= Cross-field head =

Additional tape recorder tape head to improve performance

A cross-field head, sometimes referred to as X-field, is an additional recording head in a tape recorder that improves the ability to record high-frequency sounds. The concept was first introduced by Tandberg in their TB-6X 1960s, and more widely used by Akai and their US brand, Roberts.

==Bias and self-erasure==

A conventional tape recorder uses two heads. The main head is used for both playback and recording. A second head, placed before the main head in terms of the direction of tape movement, is used during recording to erase any previous signal. Additionally, the record head is used to introduce a tape bias signal that improves frequency response.

Generally, lower frequencies are recorded lower in the oxide layer on the tape. In order to get the bias signal into these layers, the signal has to be fairly strong, stronger than what would be needed to write higher frequencies alone. This means there is some stray signal, both from the bias and new high frequency signals being recorded, that "leaks out" of the immediate area of the recording and into the nearby tape. For low frequencies this has no effect because the layer they are recorded in is far from the record head, but for high frequencies it is possible to self-erase a signal just laid down.

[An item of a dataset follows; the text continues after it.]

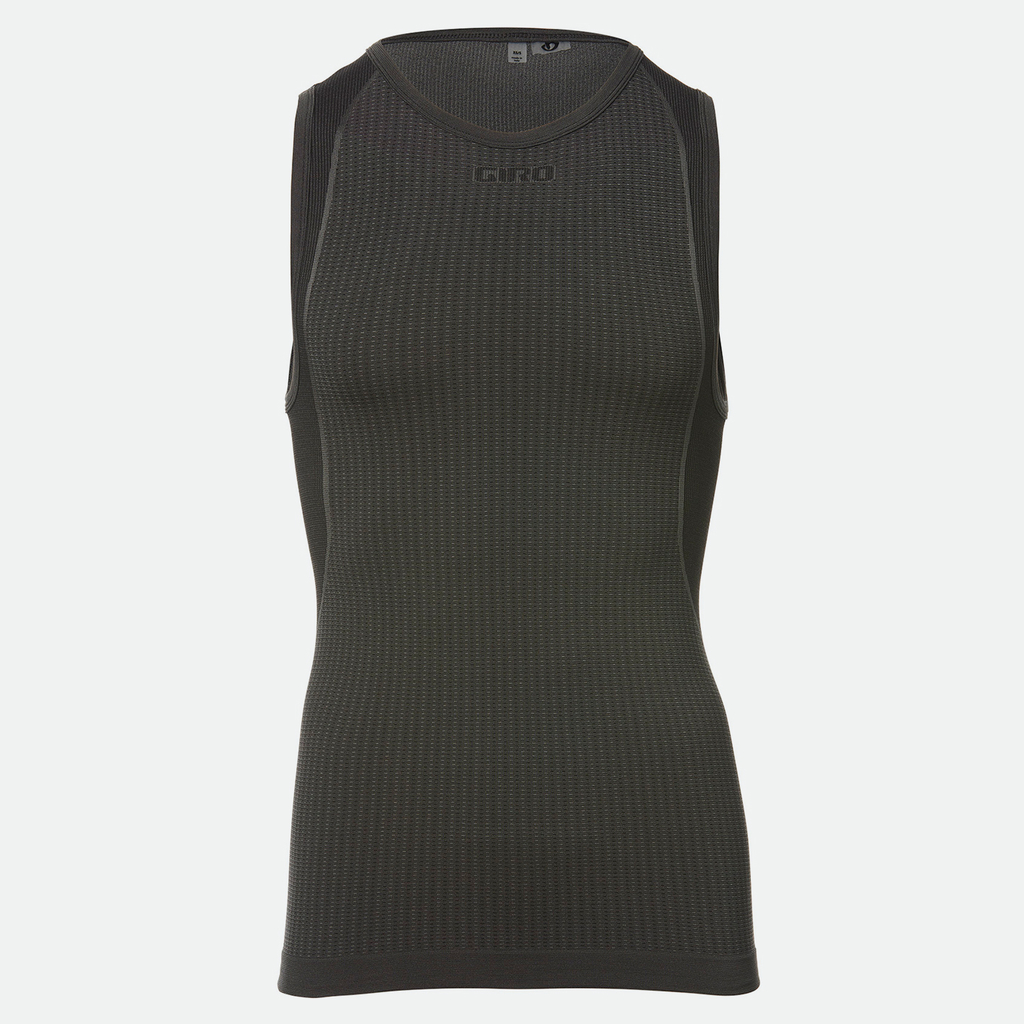 Giro M Chrono SL Base Layer Funktionsunterhemd in GRAU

This problem is primarily seen at slower tape transport. If the tape is moving at high speed, the previously recorded sounds will quickly move away from the record head and avoid self-erasure. At slower speeds there isn't enough time for this to happen.

==Cross-field==

Cross-field recording adds a second head to record the bias signal separately from the signal. It is placed on the "back" of the tape, directly across from the recording head. Since the bias has to reach the deepest layers of the oxide, placing the head on the back of the tape means that reaching these levels does not require it to penetrate right to the front of the tape. This helps reduce self-erasure due to the bias signal.

Additionally, the heads are arranged so the combination of the two signals results in a small "dead zone" directly past the recording head where high frequency signals are blanked out. This prevents subsequent high frequency signals from interfering with those just recorded, by the time they exit the dead zone they are too far from the head to be overwritten.

Although the two-head solution was the first and most common type of cross-field system, there were several other systems of varying complexity and capability. Akai reel-to-reel systems using cross-field, starting with the Akai XIV/Roberts 770, boasted 13 kHz maximum frequency at 1.875 inches per second, greater than similar systems at twice that speed.

The two-head cross-field system also had problems. One was the need to keep the heads in proper alignment, which was tricky for the average user. Additionally, dirt on the tape of record head that lifted the tape away from the record head pushed it closer to the bias head, re-introducing the self-erasure problem. For proper results, cross-field recording needed high quality tapes, to ensure the oxide layer was thick enough to allow the bias signal to imprint on the deeper levels of the oxide without reaching the front surface.